First, here are my code of Model and Training.
The code of Model
class SkipGram(nn.Module):
def __init__(self, vocab_size, embedding_dim, context_size):
super(SkipGram, self).__init__()
self.vocab_size = vocab_size
self.context_size = context_size
self.embeddings = nn.Embedding(vocab_size, embedding_dim)
self.linear1 = nn.Linear(embedding_dim, 128)
self.linear2 = nn.Linear(128, vocab_size*context_size)
def forward(self, x):
# the size of x, (batch_size, context_size=2, word_index)
# the size of embedding(x), (batch_size, context_size=2, embedding_dim)
# the size of embeds, (batch_size, context_size*embedding_dim)
batch_size = x.size(0)
embeds = self.embeddings(x).squeeze(1)
output = F.relu(self.linear1(embeds)) # batch_size*128
output = F.log_softmax(self.linear2(output),dim=1).view(batch_size, self.vocab_size, self.context_size) # batch * vocab_size*context_size
output = output.permute(0,2,1)# batch * context_size * vocab_size
return output
The code of Training
I calculate the loss separately to solve the problems.

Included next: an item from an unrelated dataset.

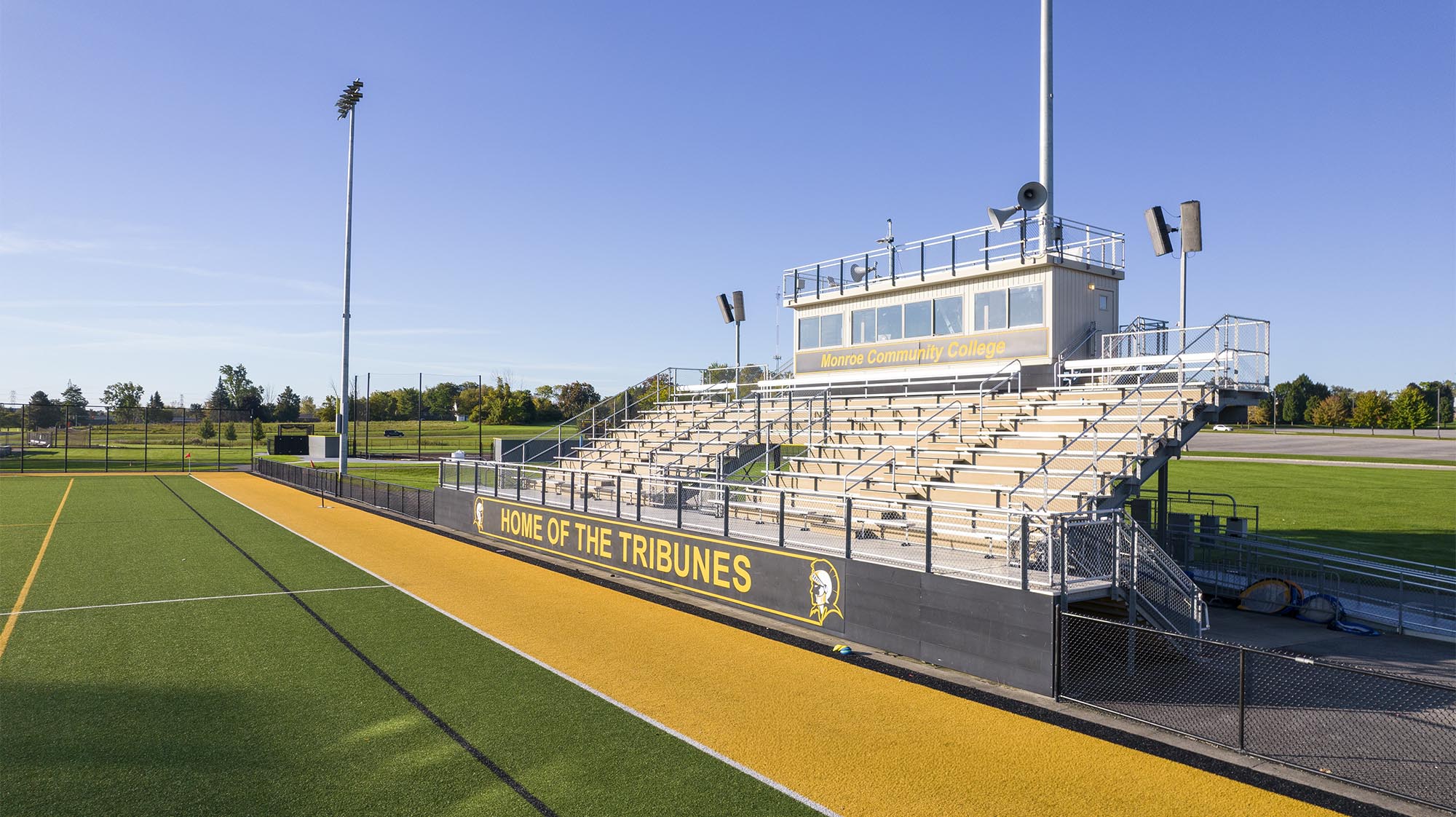 Exterior view of Monroe Community College’s athletic field and bleachers with “Home of the Tribunes” signage.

We know the output size is (batch_size, context_size, vocab_size),and the target size is (batch_size, context_size).
So, we use calculate the loss, loss_function(log_probs[:,0,:], targetData[:,0]), and the size of log_probs[:,0,:] is (batch_size, vocab_size), and the size of targetData[:,0] is (batch_size, ), then, we can use the loss_function to solve this multi-classification problem.
NUM_EPOCH = 100
losses = []
loss_function = nn.NLLLoss()
model = SkipGram(lang_process.n_words, embedding_dim=30, context_size=2)
optimizer = optim.Adam(model.parameters(), lr=0.05)
exp_lr_scheduler = optim.lr_scheduler.StepLR(optimizer, step_size=10, gamma=0.5)
#Training Start
for epoch in range(NUM_EPOCH):
total_loss = 0
exp_lr_scheduler.step()
for num, (trainData, targetData) in enumerate(train_loader):
# forward
log_probs = model(trainData)
# We calculate two values separately.(the loss of the first word of output + the loss of the second word of output)
loss = loss_function(log_probs[:,0,:], targetData[:,0])
loss = loss + loss_function(log_probs[:,1,:], targetData[:,1])
# b-p
optimizer.zero_grad()
loss.backward()
optimizer.step()
# Get the Python number from a 1-element Tensor by calling tensor.item()
total_loss += loss.item()
losses.append(total_loss)
if (epoch+1) % 5 == 0:
print('Epoch : {:0>3d}, Loss : {:<6.4f}, Lr : {:<6.7f}'.format(epoch, total_loss, optimizer.param_groups[0]['lr']))
And, I want to know is there any other way to solve the problem?